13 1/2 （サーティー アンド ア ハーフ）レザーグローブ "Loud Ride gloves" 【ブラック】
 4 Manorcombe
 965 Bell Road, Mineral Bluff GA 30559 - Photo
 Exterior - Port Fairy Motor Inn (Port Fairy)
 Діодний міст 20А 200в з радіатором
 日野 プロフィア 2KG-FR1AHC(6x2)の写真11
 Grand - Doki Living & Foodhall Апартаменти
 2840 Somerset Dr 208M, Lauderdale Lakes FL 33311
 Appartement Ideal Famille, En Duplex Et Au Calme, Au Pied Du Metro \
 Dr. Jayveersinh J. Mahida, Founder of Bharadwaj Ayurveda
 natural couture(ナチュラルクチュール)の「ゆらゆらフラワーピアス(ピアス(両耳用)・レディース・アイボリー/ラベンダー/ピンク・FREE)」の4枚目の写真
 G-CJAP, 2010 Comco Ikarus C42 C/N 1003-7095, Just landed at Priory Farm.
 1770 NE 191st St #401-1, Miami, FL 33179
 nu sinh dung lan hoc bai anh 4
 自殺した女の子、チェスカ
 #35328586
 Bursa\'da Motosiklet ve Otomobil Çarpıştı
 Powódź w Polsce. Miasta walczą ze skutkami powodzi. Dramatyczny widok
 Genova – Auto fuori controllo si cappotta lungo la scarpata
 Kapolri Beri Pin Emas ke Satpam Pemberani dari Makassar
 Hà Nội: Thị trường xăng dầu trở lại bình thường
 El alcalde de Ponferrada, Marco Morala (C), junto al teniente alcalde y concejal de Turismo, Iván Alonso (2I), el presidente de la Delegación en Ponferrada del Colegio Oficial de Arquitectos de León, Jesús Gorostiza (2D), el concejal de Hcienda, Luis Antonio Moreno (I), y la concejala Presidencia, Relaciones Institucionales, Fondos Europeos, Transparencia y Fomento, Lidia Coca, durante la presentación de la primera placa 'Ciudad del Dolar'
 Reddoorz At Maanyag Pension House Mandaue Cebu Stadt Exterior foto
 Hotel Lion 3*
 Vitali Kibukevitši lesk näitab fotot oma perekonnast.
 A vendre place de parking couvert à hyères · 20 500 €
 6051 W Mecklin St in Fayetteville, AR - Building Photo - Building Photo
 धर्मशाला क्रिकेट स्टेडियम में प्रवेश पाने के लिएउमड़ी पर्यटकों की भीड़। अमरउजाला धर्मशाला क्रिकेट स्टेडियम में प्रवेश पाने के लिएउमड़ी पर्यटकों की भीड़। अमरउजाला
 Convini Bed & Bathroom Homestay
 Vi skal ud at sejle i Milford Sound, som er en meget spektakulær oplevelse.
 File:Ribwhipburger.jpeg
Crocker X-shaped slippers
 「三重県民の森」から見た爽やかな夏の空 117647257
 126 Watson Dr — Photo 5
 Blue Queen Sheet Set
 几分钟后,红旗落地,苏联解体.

- [What is expected]: Transcribe the lines from the first line of the records through the line that contains "Hà Nội: Thị", both included, and add nothing else.

- [Expected answer]:
13 1/2 （サーティー アンド ア ハーフ）レザーグローブ "Loud Ride gloves" 【ブラック】
 4 Manorcombe
 965 Bell Road, Mineral Bluff GA 30559 - Photo
 Exterior - Port Fairy Motor Inn (Port Fairy)
 Діодний міст 20А 200в з радіатором
 日野 プロフィア 2KG-FR1AHC(6x2)の写真11
 Grand - Doki Living & Foodhall Апартаменти
 2840 Somerset Dr 208M, Lauderdale Lakes FL 33311
 Appartement Ideal Famille, En Duplex Et Au Calme, Au Pied Du Metro \
 Dr. Jayveersinh J. Mahida, Founder of Bharadwaj Ayurveda
 natural couture(ナチュラルクチュール)の「ゆらゆらフラワーピアス(ピアス(両耳用)・レディース・アイボリー/ラベンダー/ピンク・FREE)」の4枚目の写真
 G-CJAP, 2010 Comco Ikarus C42 C/N 1003-7095, Just landed at Priory Farm.
 1770 NE 191st St #401-1, Miami, FL 33179
 nu sinh dung lan hoc bai anh 4
 自殺した女の子、チェスカ
 #35328586
 Bursa\'da Motosiklet ve Otomobil Çarpıştı
 Powódź w Polsce. Miasta walczą ze skutkami powodzi. Dramatyczny widok
 Genova – Auto fuori controllo si cappotta lungo la scarpata
 Kapolri Beri Pin Emas ke Satpam Pemberani dari Makassar
 Hà Nội: Thị trường xăng dầu trở lại bình thường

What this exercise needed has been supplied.